Cryptocurrencies are holding the saddle strong in the digital transition. What’s more interesting is that latest development of semiconductors to cope and change the fortune of Bitcoin Mining. GMO Group made significant headlines in international media after the Japanese internet firm announced its plan to align with the bitcoin mining industry. No, this didn’t break the media rooms; perhaps, GMO Group is known to do the new mining operation utilizing cutting-edge 7nm process technology chips. They are going to fabricate it with an “alliance partner” with a semiconductor design company.
At the moment, 7nm semiconductor chips are not produced commercially, but many firms have announced they are planning on producing these chips in the very near future.
Samsung has been taking top-spot this year for leading the way towards more efficient microchips.
There’s a good probability that 10nm and 7nm products may be widely manufactured by Q1 of 2018. Companies like Samsung, Intel, TSMC, and Global foundries are all racing towards the goal of creating 7nm chips in mass production. In the bitcoin mining world, specifically the application-specific integrated circuit (ASIC) industry, the current semiconductor chips used right now are between 16-14nm.
Throughout 2015-2016 rumors of 14nm-10nm chips being used for bitcoin mining started circulating throughout the community, but these chip sets haven’t seemed to materialize. If a few organizations produce more efficient mining chips, then many people believe it can further decentralize the bitcoin mining ecosystem.

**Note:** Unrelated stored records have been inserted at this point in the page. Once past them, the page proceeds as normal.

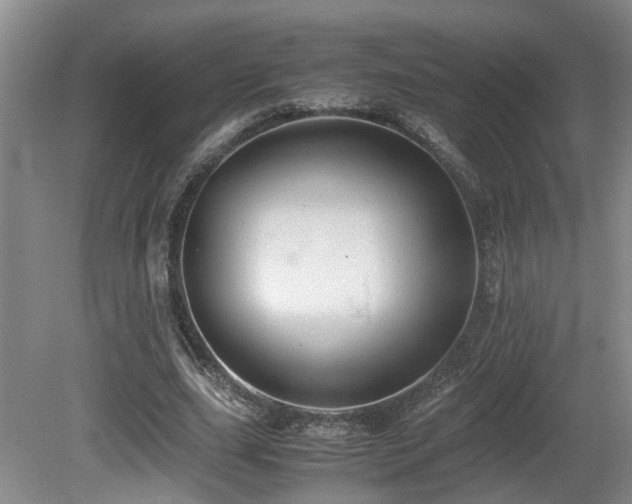 X0000081590631200701151310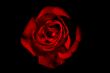 red rose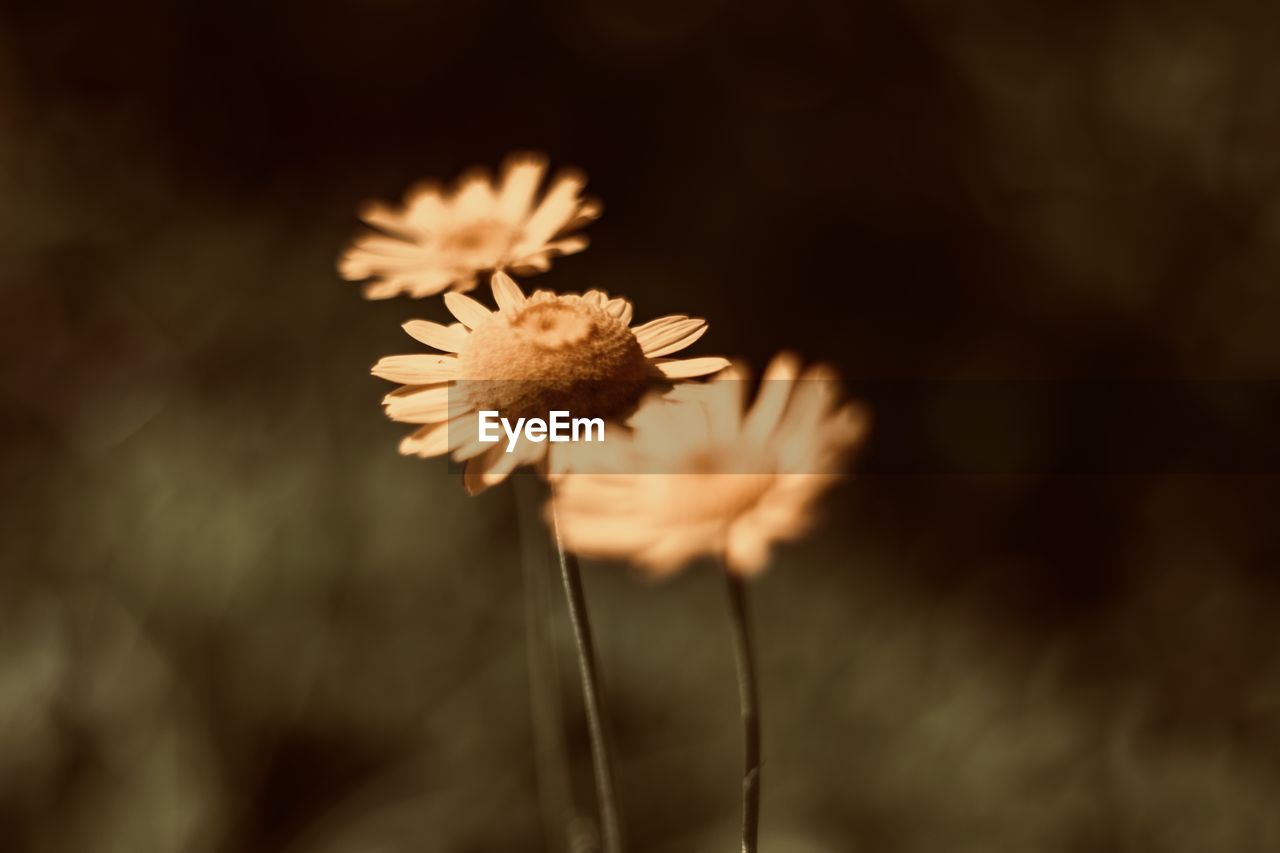 Close-up of wilted plant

Miners who were once regarded as protectors of the Bitcoin network has later been considered monopolistic entities. Over the past few months, as the scaling debate intensified, mining optimization has been deemed unfavorable and the drama has escalated to talks of changing Bitcoin’s proof-of-work.
Will 7nm chips be an end of Moore’s Law?
It will be interesting if GMO manages to produce 7nm chip sets in their mining machines as the semiconductor chips will be significantly smaller, and more efficient than the 16nm versions predominantly used today. The company further states it will be manufacturing the 7nm boards for resale as well, which will bring the next generation mining chips to the general public and competing mining pools.